--- TASK TO COMPLETE ---
For each entry, output its words exactly and leave any picture behind.

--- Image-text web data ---

============

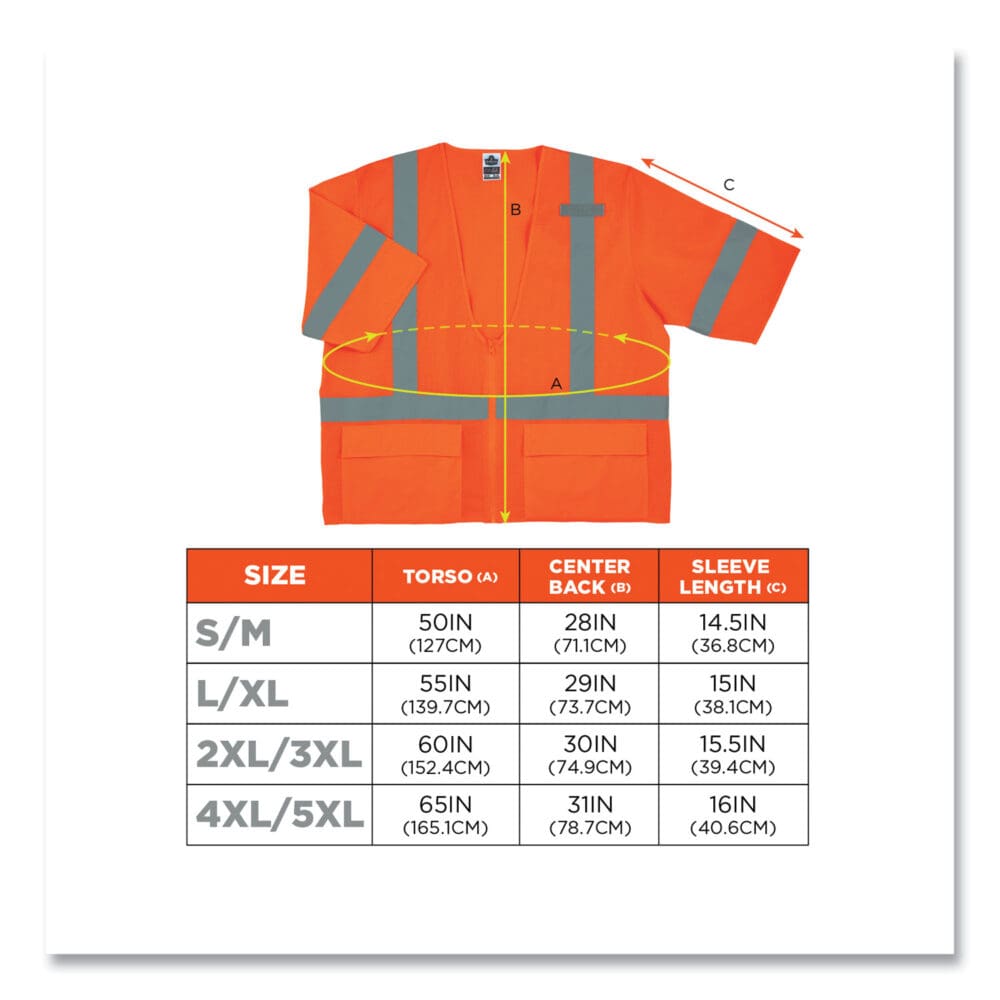 GloWear 8320Z Class 3 Standard Zipper Vest, Polyester, 2X-Large/3X-Large, Orange, Ships in 1-3 Business Days - Image 3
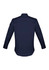 A navy long sleeve shirt with a button-up design and shoulder pockets. The shirt features a logo on one side.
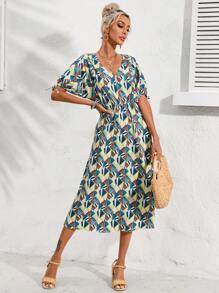 SHEIN LUNE Allover Print Knot Cuff A-line Dress - Multicolor - View 6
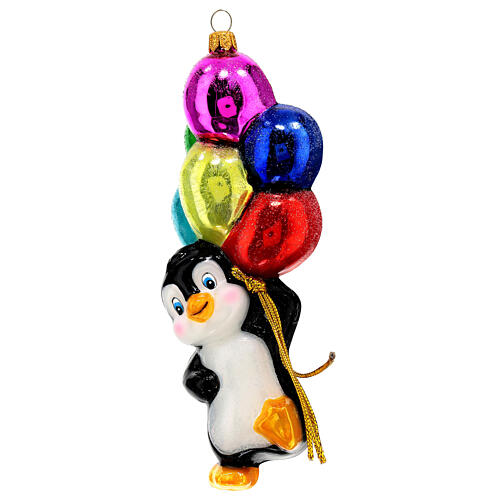 Pinguin mit Luftballons, Weihnachtsbaumschmuck aus mundgeblasenem Glas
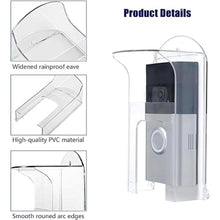 Load image into Gallery viewer, Transparent Plastic Doorbell Rain Cover Compatible with Ring, Blink, Google Nest, Eufy, Arlo, Kasa Video Doorbell, Waterproof Protector Shield Doorbell Push Button Cover Weather Blocking Cover
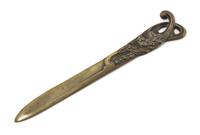 A French Art Nouveau Bronze Letter Opener, R. Heyner for Thiebaut Freres Length 12 inches.
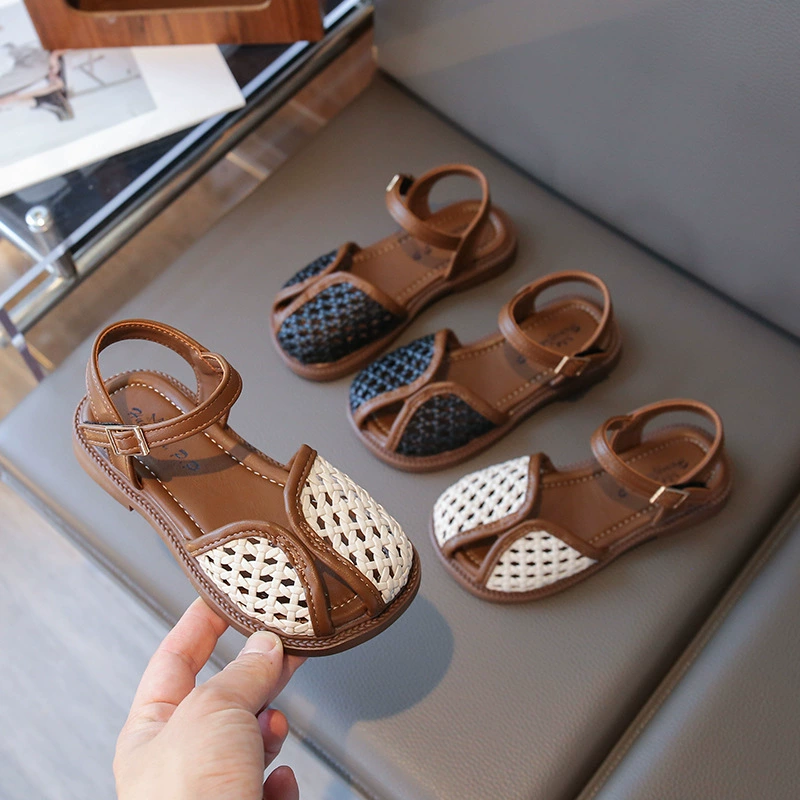 Детские летние босоножки для девочек 2025, новая модель, прозрачные сетчатые босоножки, летние удобные босоножки для принцессы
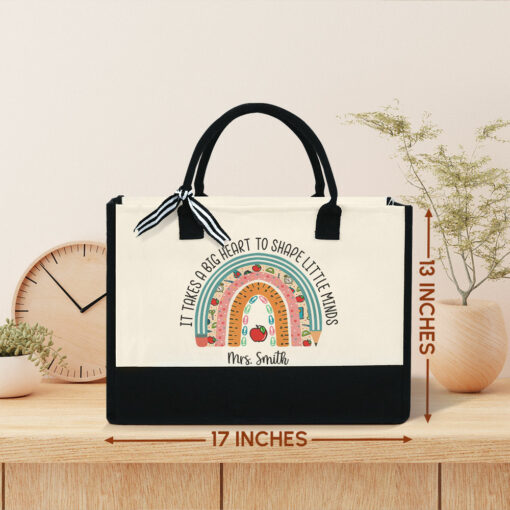 Gingerglowgifts Personalized Teacher Gift, It's Take a Big Heart, Teacher Tote Bag MLN1370TTH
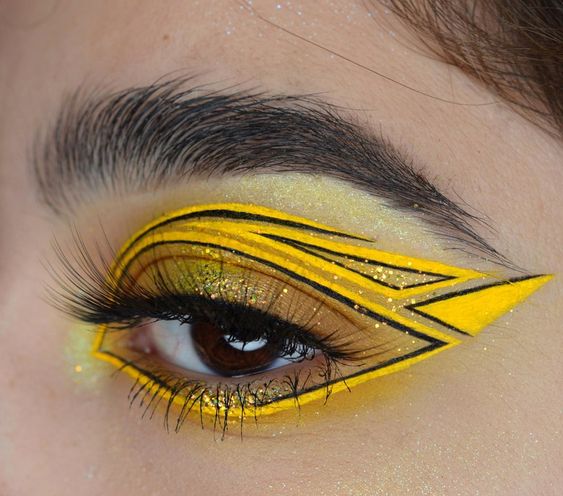 Delineado gráfico amarillo con negro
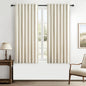 Warm Cream Thick Linen Black Out Curtains 45 Inch Long by QJMYDECO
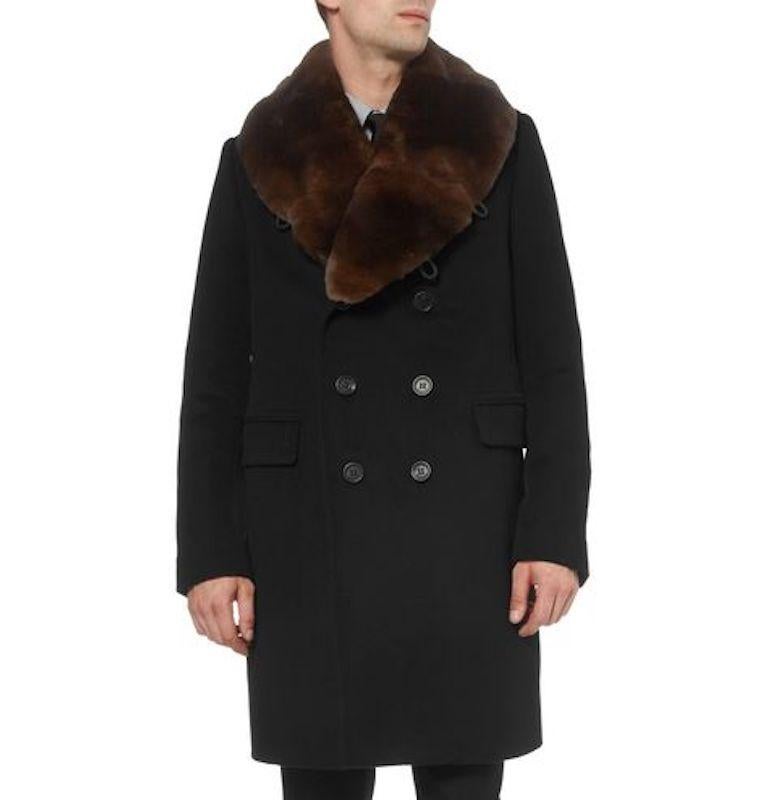 BURBERRY PRORSUM Mens 44 / 54 Rabbit Fur Sheep Shearling Virgin Wool Black  Coat at 1stDibs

============

--- REPLY TO THE EXERCISE ---
 GloWear 8320Z Class 3 Standard Zipper Vest, Polyester, 2X-Large/3X-Large, Orange, Ships in 1-3 Business Days - Image 3
 A navy long sleeve shirt with a button-up design and shoulder pockets. The shirt features a logo on one side.
 SHEIN LUNE Allover Print Knot Cuff A-line Dress - Multicolor - View 6
 Pinguin mit Luftballons, Weihnachtsbaumschmuck aus mundgeblasenem Glas
 Load image into Gallery viewer, Transparent Plastic Doorbell Rain Cover Compatible with Ring, Blink, Google Nest, Eufy, Arlo, Kasa Video Doorbell, Waterproof Protector Shield Doorbell Push Button Cover Weather Blocking Cover
 A French Art Nouveau Bronze Letter Opener, R. Heyner for Thiebaut Freres Length 12 inches.
 Детские летние босоножки для девочек 2025, новая модель, прозрачные сетчатые босоножки, летние удобные босоножки для принцессы
 Gingerglowgifts Personalized Teacher Gift, It's Take a Big Heart, Teacher Tote Bag MLN1370TTH
 Delineado gráfico amarillo con negro
 Warm Cream Thick Linen Black Out Curtains 45 Inch Long by QJMYDECO
 BURBERRY PRORSUM Mens 44 / 54 Rabbit Fur Sheep Shearling Virgin Wool Black  Coat at 1stDibs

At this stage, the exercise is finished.